Alamo Fast Draw Transcript Episode 43 10:04- 17:21 Do You Have a Question?
Ledslinger:
Do you have a question for anybody over here? We’ve got pretty talented and knowledgeable people on the line right now.
PJ Colt: Well,______________________________. (Can’t make out the dialogue at all.)
Alamo Fast Draw: Okay. I’m gonna field that off to somebody else ‘cuz there’s people here that do competitions more than me. I’m gonna start from the bottom to the top and I’m gonna start with Ron Paul. Would you like to try to answer that?
Ron:
Okay… It sounds fascinating what they’re doing over there. As far as competitions over here basically we try to put a lot them in like festivals or fairs. For example, Andy Oakley days or we try to create a couple ourselves. Last year we had several fests. We don’t hold them only for precisely competition, but also for but also for side effect; to make it more interesting.
We would do shooting guns and rifles and some of the side matches. So a competition basically is a bunch of people getting together to have a good time who have the same interests.

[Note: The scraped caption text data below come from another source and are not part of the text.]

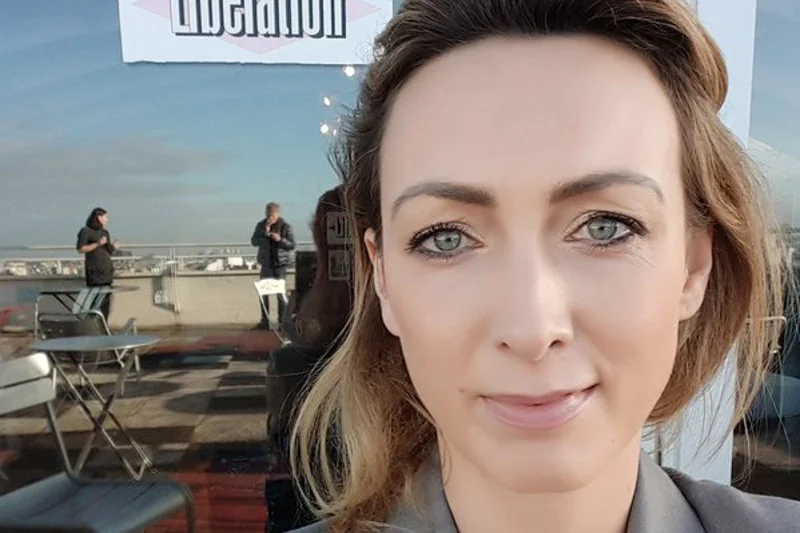 Nie wszyscy zrozumieli ironię wpisu Anny Kalczyńskiej.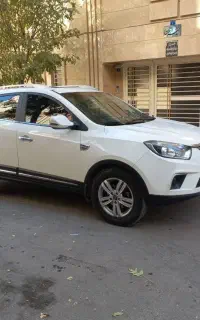 جک s5 دنده ایی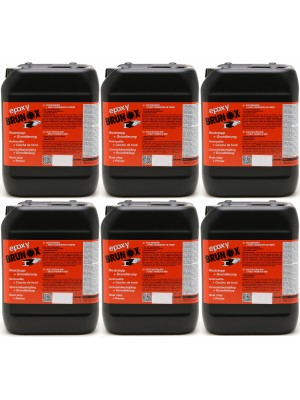 Brunox Epoxy Roststopp + Grundierung 6x 5 = 30 Liter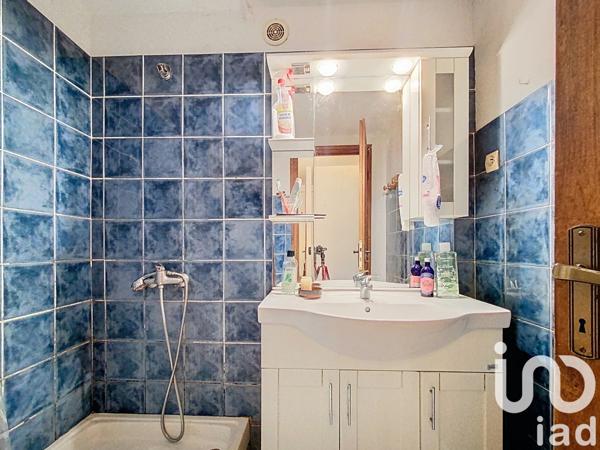 Maison à vendre 9 pièces 191 m² Die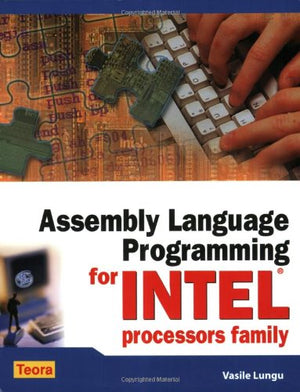 Assembly Language Programming for Intel Processors Family,Used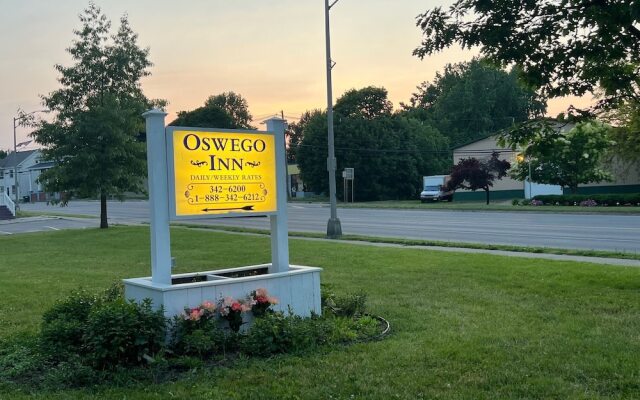 Oswego Inn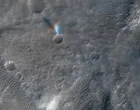 mars, svemir, planeta, pješčani vragovi/Screenshot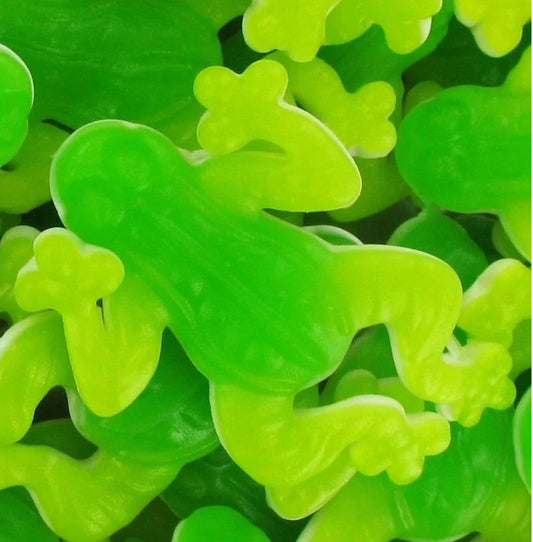 Grenouille lisse XXL(100g)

All trying to do the fastest speeds and consistent index points.
A lot of times we shoot blanks and a lot of the time we shoot blanks. Some other times, we’d shoot wads. This was in the old FDA which is predominantly the eastern part of the states.
Ledslinger: U, huh.
Ron:
Of course we’re in the east and of course Greg is out west who is our Vice Chairman . He’s trying to promote it out there along with other forms of Fast Draw. I hope that answers it.
PJ Colt:
In your competitions, what kind of shell do you shoot? _______________________.
(Can’t make out the dialogue at all)
Ron:
Okay, most of our… if I understand the question right. The majority of our guns out there are luther. Point blanks. They’re copper, highly modified to accept a wax bullet and a light barrel, aluminum barrel with a steel sleeve or titanium cylinder, black hammer, a lot of people fan. We also have people plumbing. And then there’s different styles which are bam glam, slapping, up fanning… And there are various different styles that are allowed in the competition. The guns have to meet a certain criteria that’s based on the competition.
Greg:
Well, in the United States there’s three different active associations shooting Fast Draw and they’re all single action guns, but they have slightly different cultures. For example, Ron and I, we shoot traditional fast draw and with traditional fast draw we’re talking about we can use steel line holsters. We can use fanning guns. We can use modified guns and these guns are more like race cars. They would take a lot more abuse than your PIETTA. We hit very very hard and come fast with that.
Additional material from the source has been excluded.